Sad but true insight into organisational software development
I am not a skeptic or nay-sayer by nature, but found Politics-Oriented Software Development right on the money, especially when it comes to the politics of software development. And to top it, the article is quite well written.
Could this be the prime reason for major IT failures in government IT projects than usual suspects such as complexity, changing technologies, massive scope and poor planning?
Although I would not want this article to influence my own work habits too much, it is hard to ignore its insights, some of which are reproduced below:
On individual's Goals:
Real world companies are made up of individuals working for their own goals: career advancement, more money, or just the chance to slack off. Occasionally it may be in someone's interest to build a successful project. Usually it's more useful to sabotage it.

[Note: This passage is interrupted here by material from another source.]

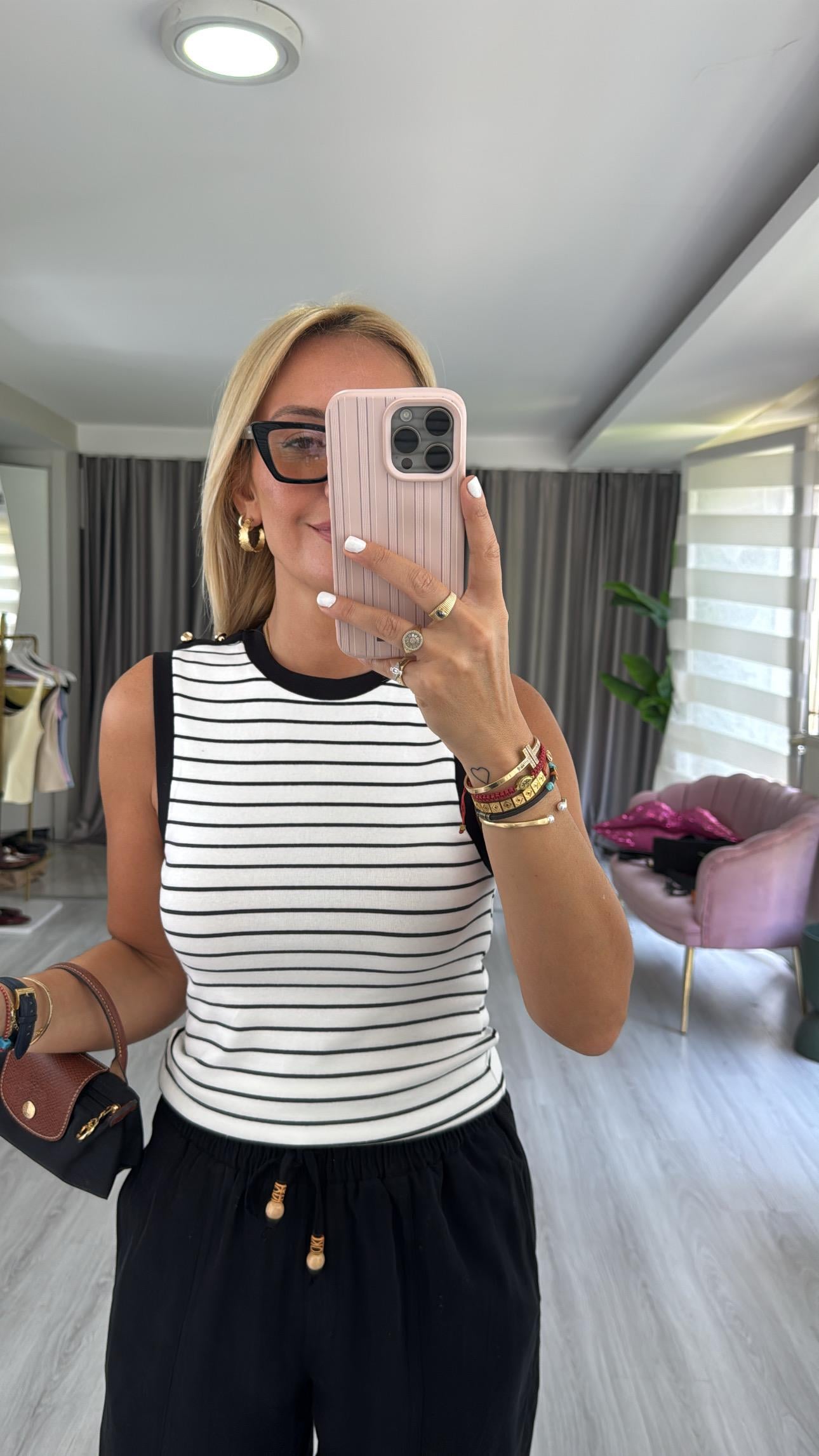 Omzu Gold Düğme Detaylı Siyah Çizgili Beyaz Bluz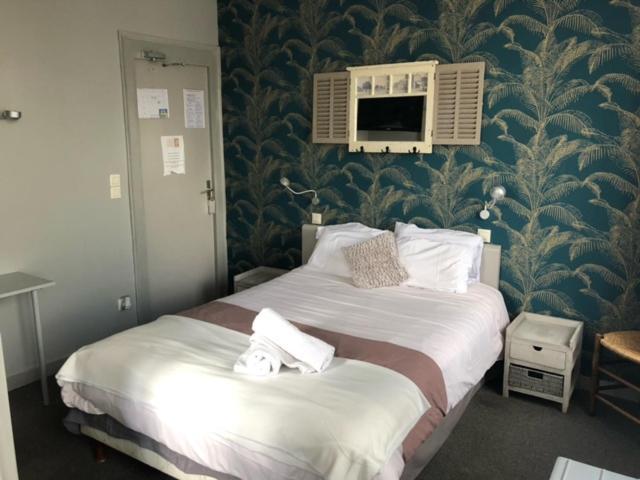 L'Escapade Hotell Carentan Exteriör bild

On disguising true intent of certain actions:
Because everyone has to pay lip service to the good of the company, deliberate sabotage has to be disguised as incidental sabotage.

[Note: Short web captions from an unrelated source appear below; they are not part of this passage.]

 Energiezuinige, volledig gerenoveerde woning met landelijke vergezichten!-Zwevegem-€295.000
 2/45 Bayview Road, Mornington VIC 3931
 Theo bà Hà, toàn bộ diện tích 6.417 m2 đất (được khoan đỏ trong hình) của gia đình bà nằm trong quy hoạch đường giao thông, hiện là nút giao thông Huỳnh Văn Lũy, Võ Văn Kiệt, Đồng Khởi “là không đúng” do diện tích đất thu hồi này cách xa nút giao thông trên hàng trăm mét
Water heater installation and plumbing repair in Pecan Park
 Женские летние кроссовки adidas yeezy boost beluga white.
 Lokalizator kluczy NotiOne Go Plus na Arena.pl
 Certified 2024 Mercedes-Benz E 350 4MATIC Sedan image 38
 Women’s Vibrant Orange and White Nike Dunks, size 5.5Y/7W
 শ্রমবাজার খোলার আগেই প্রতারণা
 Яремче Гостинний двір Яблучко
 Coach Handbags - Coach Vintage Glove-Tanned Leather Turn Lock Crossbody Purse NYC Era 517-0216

On timing of certain actions:
Also remember that someone who points out a problem early is a troublemaker; someone who fixes a problem at the last minute is a hero.
On apparent conflict of motivations:
The project manager only needs it to work in the short term: he doesn't care if it's easy to maintain. However, an unmaintainable project can be a trap for a developer, who might spend years making tiny changes.
The one I liked most, and can relate to, is on the threat of getting fired:
Threats are likely to be empty in the short term, and quickly forgotten when the project is over. As part of his empire, you are contributing to his status: he doesn't want to get rid of you even if you're useless. You're only likely to be fired if the company as a whole is reducing numbers, and in that case no amount of work guarantees safety.